Your copy should begin with the line containing "LOUIS VUITTON Monogram Boulogne PM金扣手挽肩背兩用袋", end with the line containing "Youngtimer Saab 9-5 zum Mieten", match the listing below exactly, and contain no pictures.

_Exercise material_.

__________

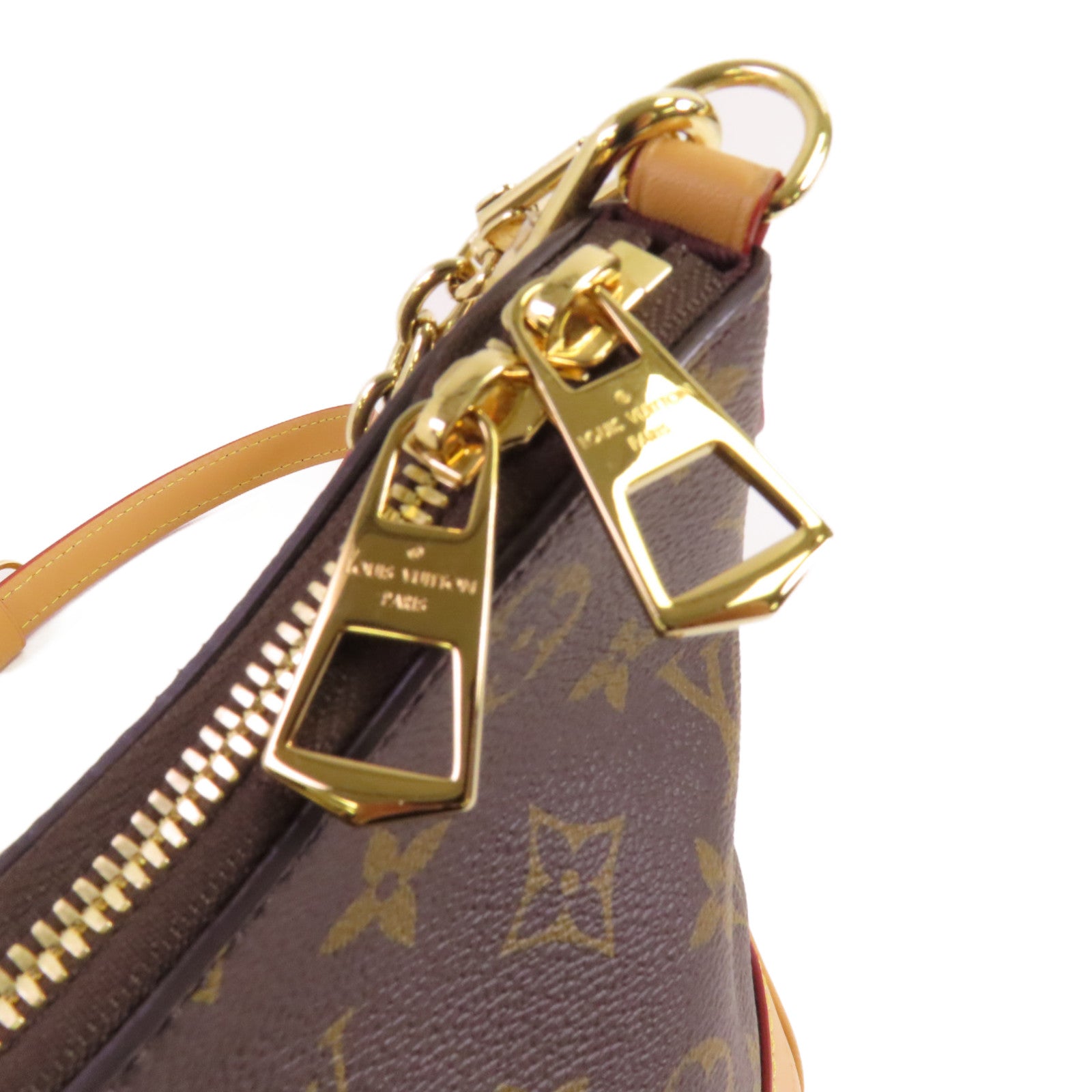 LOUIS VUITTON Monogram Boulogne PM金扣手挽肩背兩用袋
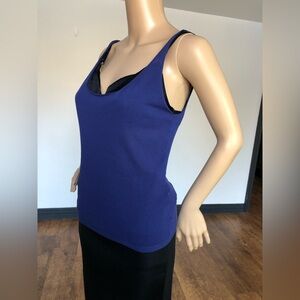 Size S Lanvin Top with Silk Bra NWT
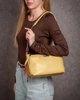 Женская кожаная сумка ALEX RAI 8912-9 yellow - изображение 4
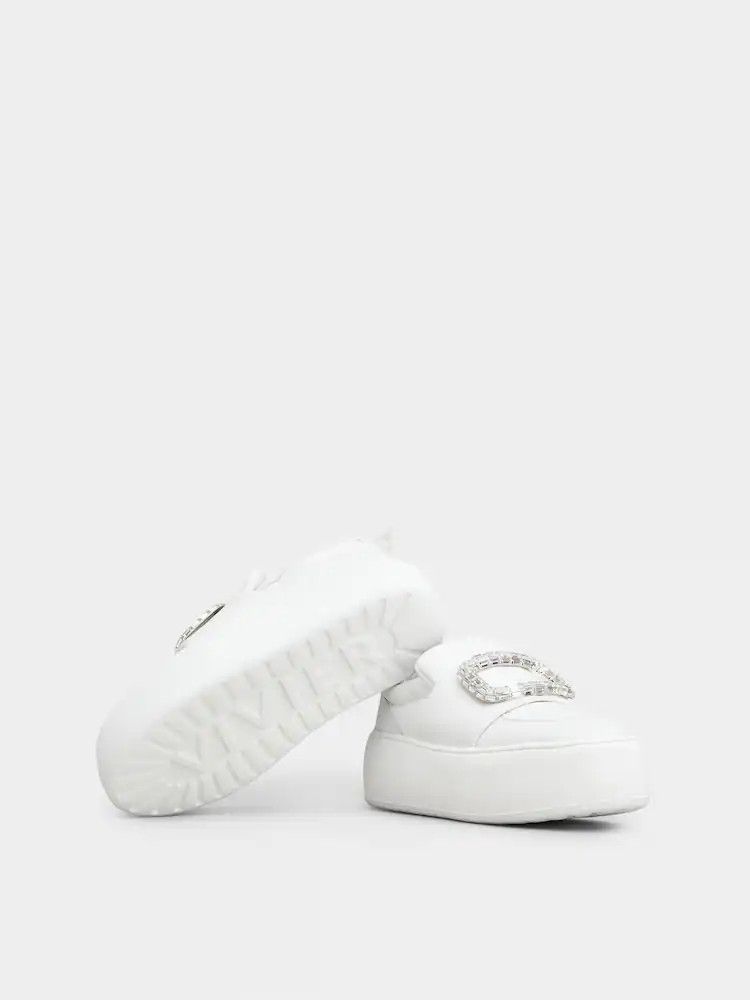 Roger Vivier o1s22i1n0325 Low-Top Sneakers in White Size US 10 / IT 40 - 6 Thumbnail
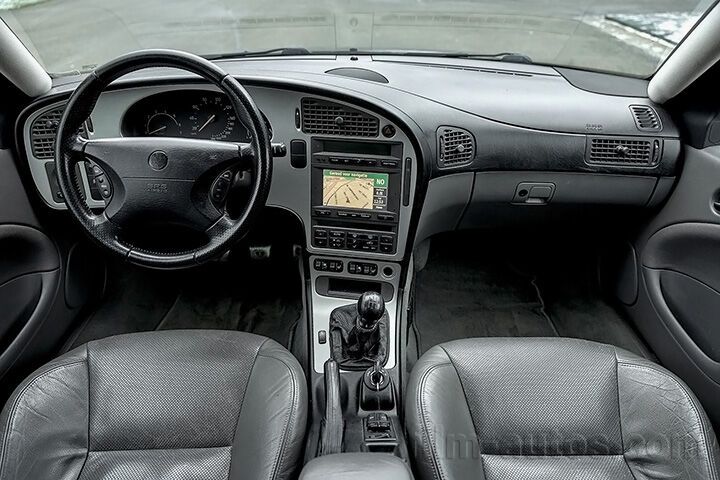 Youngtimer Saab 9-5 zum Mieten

__________

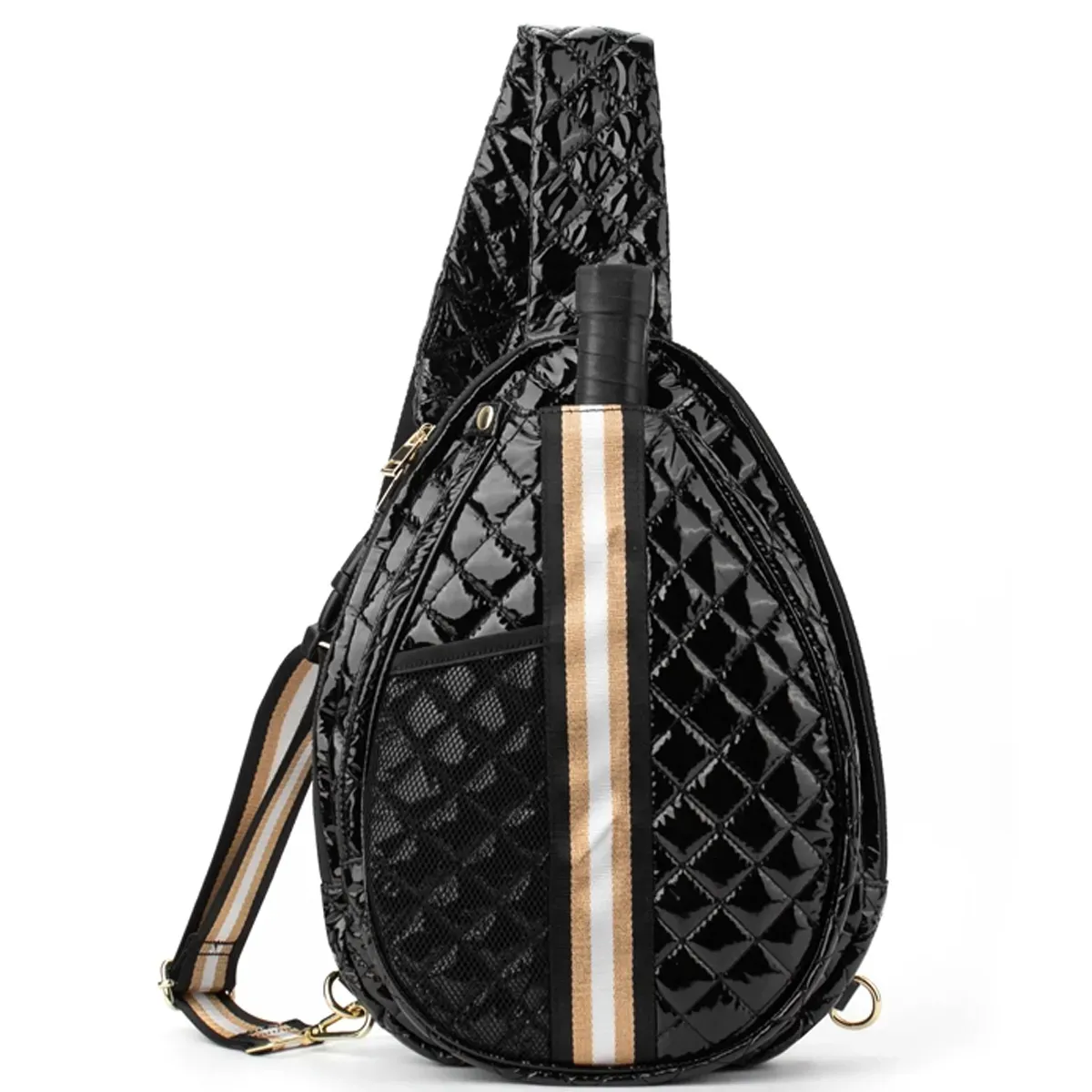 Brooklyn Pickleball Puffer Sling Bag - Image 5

__________

_Output of the exercise_.
 LOUIS VUITTON Monogram Boulogne PM金扣手挽肩背兩用袋
 Size S Lanvin Top with Silk Bra NWT
 Женская кожаная сумка ALEX RAI 8912-9 yellow - изображение 4
 Roger Vivier o1s22i1n0325 Low-Top Sneakers in White Size US 10 / IT 40 - 6 Thumbnail
 Youngtimer Saab 9-5 zum Mieten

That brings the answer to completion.